[Brief]
When the listing below reaches the line that has "Axolotl Amy Culliford", start reproducing exactly; stop after the line that has "Forklift Gear Pump", and drop the pictures.

[Supplied information]
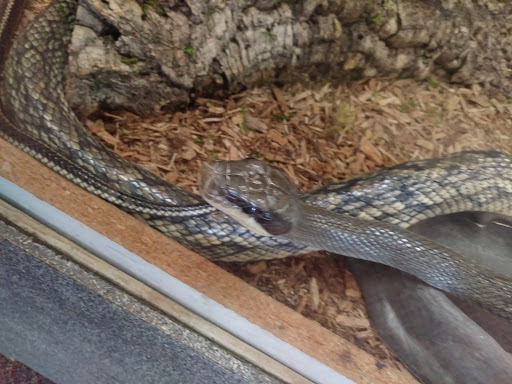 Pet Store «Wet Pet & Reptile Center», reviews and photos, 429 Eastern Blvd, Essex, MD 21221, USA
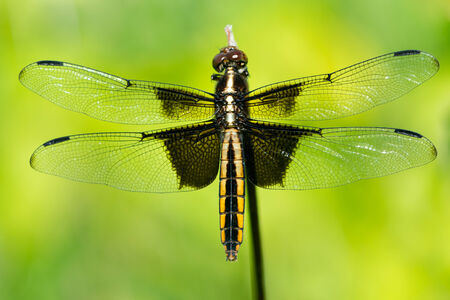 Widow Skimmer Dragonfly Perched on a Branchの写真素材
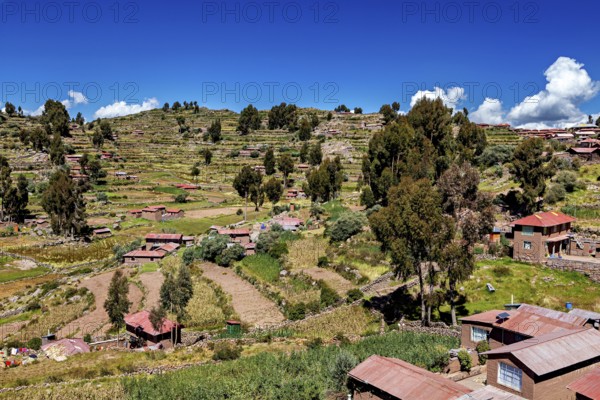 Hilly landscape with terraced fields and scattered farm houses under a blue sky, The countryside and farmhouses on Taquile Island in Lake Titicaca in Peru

--

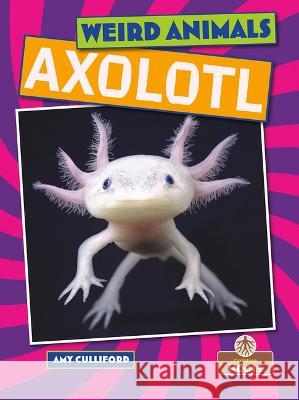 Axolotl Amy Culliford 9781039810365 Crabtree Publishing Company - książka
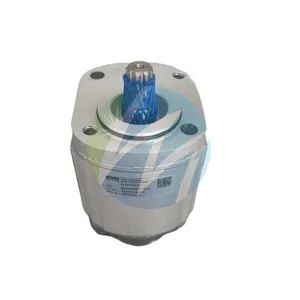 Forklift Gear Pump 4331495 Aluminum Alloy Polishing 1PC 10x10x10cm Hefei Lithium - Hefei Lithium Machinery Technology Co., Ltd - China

[Solution for this task]
 Axolotl Amy Culliford 9781039810365 Crabtree Publishing Company - książka
 Forklift Gear Pump 4331495 Aluminum Alloy Polishing 1PC 10x10x10cm Hefei Lithium - Hefei Lithium Machinery Technology Co., Ltd - China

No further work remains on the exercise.